Die HRE-Rettung hätte nach Müllers Worten die Banken überfordert. Allerdings sei die Bundesregierung in Person des heutigen Finanzstaatssekretärs Jörg Asmussen mit der Position in die Rettungsverhandlungen am Wochenende des 27. bis 29. September gegangen, die Banken sollten das Problem selbst lösen. Die Regierung habe mit einer Härte in diesen Gesprächen agiert, die für die Banken "an der Grenze des Erträglichen" gewesen sei.

"Jenseits der Schmerzgrenze"

Dass die privaten und öffentlichen Banken sich letztlich an besagtem Wochenende mit 8,5 Milliarden Euro an Risikoübernahmen am ersten Rettungspaket von 35 Milliarden Euro Umfang für die HRE beteiligt hätten, habe nach seinem Dafürhalten "jenseits der Schmerzgrenze" der Banken gelegen, sagte Müller. Wäre den Banken noch mehr von der Regierung abverlangt worden, hätte er das nicht mitgetragen. Ohnehin habe das erzielte Ergebnis schon für erheblichen Ärger im Bankenverband gesorgt.

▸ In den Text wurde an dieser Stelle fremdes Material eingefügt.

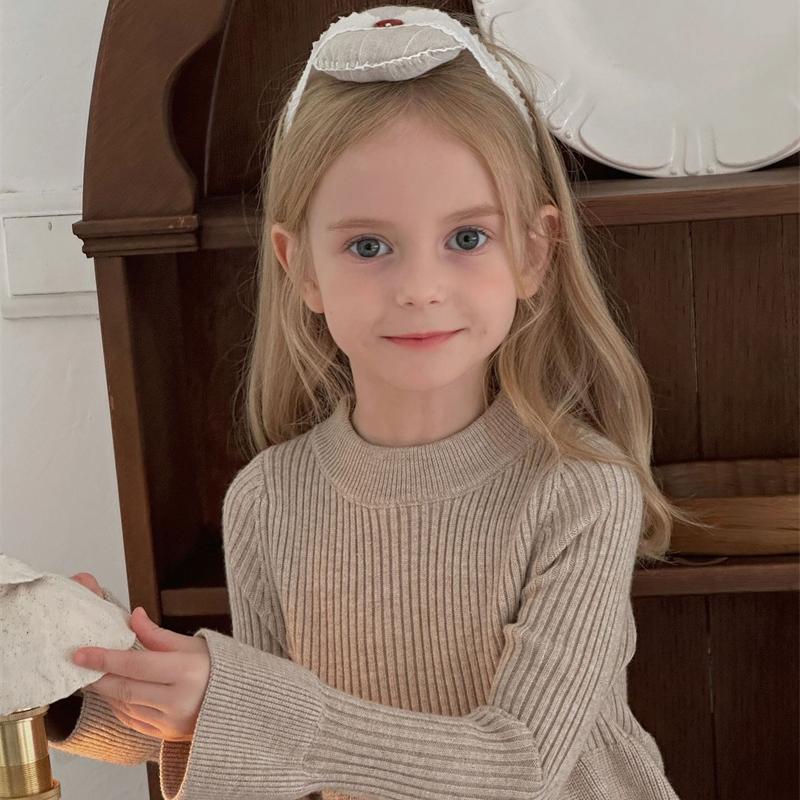 Girls Knitted Dress Autumn Winter New Children Gown Princess Solid Color Kids Fashion Sweater Dresses Baby Clothes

Laut Müller keine Alternative zur Rettung der HRE

Zur Rettung der HRE gab es auch aus Müllers Sicht keine Alternative. "Nach meinem Dafürhalten hätte ein Zusammenbruch der HRE wahrscheinlich zu einem Zusammenbruch der Europäischen Märkte mit entsprechenden Konsequenzen geführt." Verärgert äußerte sich Müller aber darüber, dass der von der HRE nachgsuchte Hilfsbedarf sich in schneller Folge immer weiter erhöht habe.

Verstaatlichung HRE

Gab es eine Alternative zur Verstaatlichung der HRE?

"Keine Alarmglocken"

Die SPD-Obfrau im Ausschuss Nina Hauer sagte, die Bundesregierung und damit das Finanzministerium hätten gut verhandelt. Für sie gebe es keinen Anlass, das Verhalten des Ministeriums unter dem SPD-Politiker Peer Steinbrück zu kritisieren. Zwar habe es schon vor dem Herbst 2008 Berichte über Schwierigkeiten der HRE gegeben, aber nicht solche, die die Alarm-Glocken hätten läuten lassen.

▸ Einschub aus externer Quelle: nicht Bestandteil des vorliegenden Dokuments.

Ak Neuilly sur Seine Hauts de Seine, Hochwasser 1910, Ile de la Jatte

"Warnzeichen nicht zur Kenntnis genommen"

Dagegen warfen FDP-Obmann Volker Wissing und Gerhard Schick von den Grünen der Regierung vor, Warnzeichen nicht zur Kenntnis genommen zu haben und unvorbereitet gewesen zu sein. Schick griff namentlich Staatssekretär Asmussen an, dem er eine Verletzung der Sorgfaltspflicht vorwarf. "Finanzminister Steinbrück muss Herrn Asmussen entlassen", forderte er.

Asmussen wird, ebenso wie der Wirtschaftsberater von Bundeskanzlerin Angela Merkel, Jens Weidmann, im Untersuchungsausschuss gehört. Am Donnerstag muss dann Minister Steinbrück als letzter vor dem Gremium aussagen.